Benar juga ditangannya memang menggenggam sebuah benda dia seperti hendak melemparkan benda itu kearah Kho Beng, padahal dalam kenyataannya hendak dilemparkan ketengah udara.

Beng Gi ciu mendengus dingin, mendadak dia melancarkan sebuah serangan dengan jari tangannya.

serangan tersebut tak lain adalah serangan Tong kim ci ilmu andalan Kim ka sian, bukan saja desingan angin serangannya amat dahsyat dan lihai, lagipula kecepatan serta ketepatannya sangat mengagumkan.
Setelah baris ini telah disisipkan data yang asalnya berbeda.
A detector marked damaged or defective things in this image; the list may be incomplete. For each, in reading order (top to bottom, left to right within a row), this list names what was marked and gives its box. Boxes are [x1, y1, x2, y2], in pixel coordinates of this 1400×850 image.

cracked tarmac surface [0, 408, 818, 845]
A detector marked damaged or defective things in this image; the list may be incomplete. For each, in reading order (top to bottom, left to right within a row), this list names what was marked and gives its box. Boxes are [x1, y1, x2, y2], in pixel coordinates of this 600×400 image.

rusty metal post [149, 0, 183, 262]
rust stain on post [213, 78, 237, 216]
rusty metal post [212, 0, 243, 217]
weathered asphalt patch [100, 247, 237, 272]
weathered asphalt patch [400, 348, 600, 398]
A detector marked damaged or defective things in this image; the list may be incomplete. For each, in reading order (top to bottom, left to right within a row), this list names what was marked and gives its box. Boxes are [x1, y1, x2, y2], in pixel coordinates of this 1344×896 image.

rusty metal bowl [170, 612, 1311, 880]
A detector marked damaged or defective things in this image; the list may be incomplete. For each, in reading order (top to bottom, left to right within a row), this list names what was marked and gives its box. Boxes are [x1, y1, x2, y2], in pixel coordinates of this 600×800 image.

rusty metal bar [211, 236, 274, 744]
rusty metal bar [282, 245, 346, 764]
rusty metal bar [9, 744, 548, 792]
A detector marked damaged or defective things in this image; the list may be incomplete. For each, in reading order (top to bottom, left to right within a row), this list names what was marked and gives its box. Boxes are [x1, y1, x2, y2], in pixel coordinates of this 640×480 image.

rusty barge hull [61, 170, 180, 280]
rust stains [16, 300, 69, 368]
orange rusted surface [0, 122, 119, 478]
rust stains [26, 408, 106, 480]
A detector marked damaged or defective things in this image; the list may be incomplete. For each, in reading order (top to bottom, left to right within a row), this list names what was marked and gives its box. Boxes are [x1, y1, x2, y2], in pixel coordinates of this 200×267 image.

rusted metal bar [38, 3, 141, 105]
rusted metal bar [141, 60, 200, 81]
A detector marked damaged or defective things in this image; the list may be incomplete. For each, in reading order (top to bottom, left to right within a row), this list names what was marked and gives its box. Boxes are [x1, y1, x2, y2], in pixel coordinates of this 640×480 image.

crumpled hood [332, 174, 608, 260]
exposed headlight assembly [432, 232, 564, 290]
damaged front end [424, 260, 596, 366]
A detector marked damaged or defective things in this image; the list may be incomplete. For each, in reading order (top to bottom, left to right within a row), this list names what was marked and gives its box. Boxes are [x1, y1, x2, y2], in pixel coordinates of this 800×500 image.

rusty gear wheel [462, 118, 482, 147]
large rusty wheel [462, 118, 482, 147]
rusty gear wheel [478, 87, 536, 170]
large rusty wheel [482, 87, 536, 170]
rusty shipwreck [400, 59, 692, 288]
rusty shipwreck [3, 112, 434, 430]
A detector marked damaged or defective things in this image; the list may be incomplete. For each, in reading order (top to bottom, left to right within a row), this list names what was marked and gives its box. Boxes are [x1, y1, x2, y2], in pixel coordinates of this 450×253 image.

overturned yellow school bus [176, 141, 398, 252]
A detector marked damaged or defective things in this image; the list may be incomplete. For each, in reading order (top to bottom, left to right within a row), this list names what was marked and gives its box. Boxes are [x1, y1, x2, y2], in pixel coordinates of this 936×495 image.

Tiba-tiba terdengar jerit mengaduh yang amat memilukan hati, Li sian soat yang semula bersikap gagah, kini sudah terbungkuk sambil memegangi pergelangan tangan sendiri.

Ternyata serangan yang dilancarkan Beng Gi ciu saat tadi dilepaskan tanpa belas kasihan, desingan serangan jari tangan itu seketika menembusi pergelangan tangan kanannya, sementara sebatang panah berlubang tujuh terjatuh dihadapannya. sambil tertawa dingin, Beng Gi ciu segera menjengek : "Inikah lencana untuk mengontrol bukit?"

Berubah hebat paras muka Cun hong lengcu, tiba-tiba dia melepaskan dua serangan berantai sambil serunya : "Cepat mundur"

Tanpa memperdulikan lagi rasa sakit pada pergelangan tangan kanannya, Li sian soat melompat bangun lalu melarikan diri menyusul dibelakang Cun hong lengcu.

"Hmmm, mau kabur kemana?"jengek Kho Beng dingin. Dengan sekali lompatan ia segera menyusul kedepan. Tapi sebelum sampai kabur sejauh dua puluh kaki, mendadak terdengar cun hong lengcu dan Li sian soat telah berteriak kaget menyusul roboh terjengkang keatas tanah. suara gelak tertawa yang keras pun berkumandang memecahkan keheningan.

Mula-mula Kho Beng agak tertegun, namun setelah diperlihatkan lagi, segera dikenalinya orang yang baru datang ternyata tak lain adalal Thian cun yang serta oh Kui sam, sedangkan cun hong Lengcu Jin cun dan Li sian soat sudah terkapar diatas tanah dalam keadaan tertotok jalan darahnya. Buru-buru Kho Beng memberi hormat sambil menyapa.

"cianpwee berdua "

Dengan penuh amarah dan mendongkol oh Kui sam berkaok- kaok.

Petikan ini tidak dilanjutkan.